> running-tests
running tests at various levels from smoke tests to full suite to randomized tests
curl "https://skillshub.wtf/stellar/stellar-core/running-tests?format=md"Overview
This skill is for running tests systematically, starting with fast/focused tests and progressing to slower/broader tests. This ordering allows failures to be caught early, minimizing wasted time.
This skill is designed to be run as a subagent to avoid cluttering the invoking agent's context.

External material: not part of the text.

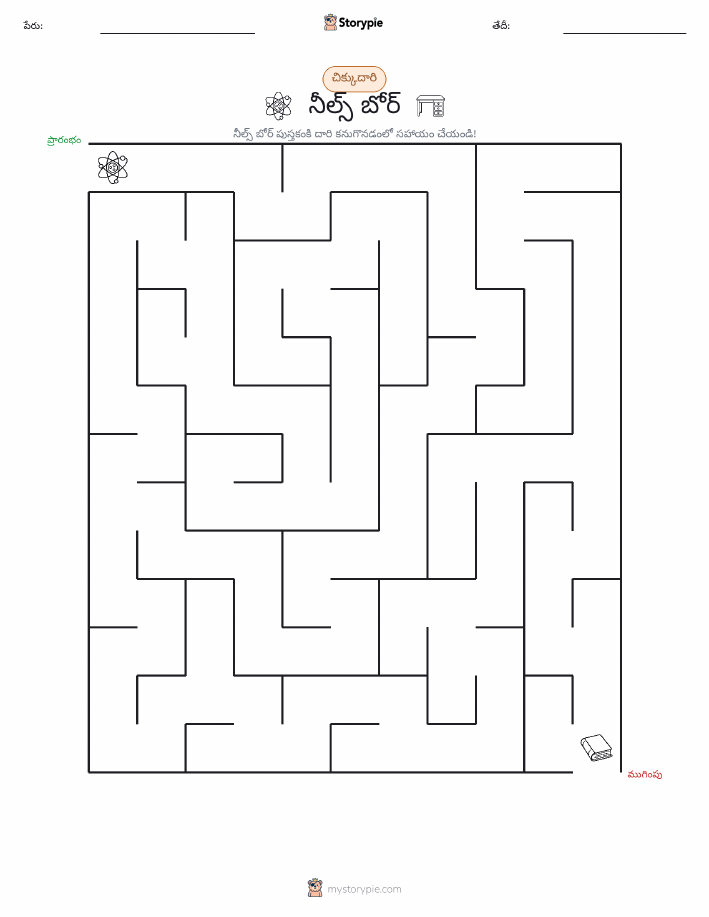 మేజు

The output is either confirmation that all tests passed, or a report of failures.
Required Inputs (Before Launching Subagent)
Since subagents cannot ask for clarification, the invoking agent must gather this information before launching:
-
Changed files/modules: Which files or modules were changed, so the subagent can identify appropriate smoke tests and focused tests.
-
Test levels to run: Which levels to execute. Options:
- "smoke only" - just Level 1
- "through focused" - Levels 1-2
- "through full suite" - Levels 1-3 (usually sufficient for small changes)
- "through full suite with tx-meta" - Levels 1-3 plus tx-meta baseline check
- "through sanitizers" - Levels 1-4 (for memory/concurrency-sensitive code)
The subagent prompt should include: "Run tests <levels> for changes in <files/modules>."
Test Output Control
To reduce noise and keep agent context manageable, always use these flags:
# Recommended flags for quiet output
--ll fatal # Only log fatal errors (not info/debug messages)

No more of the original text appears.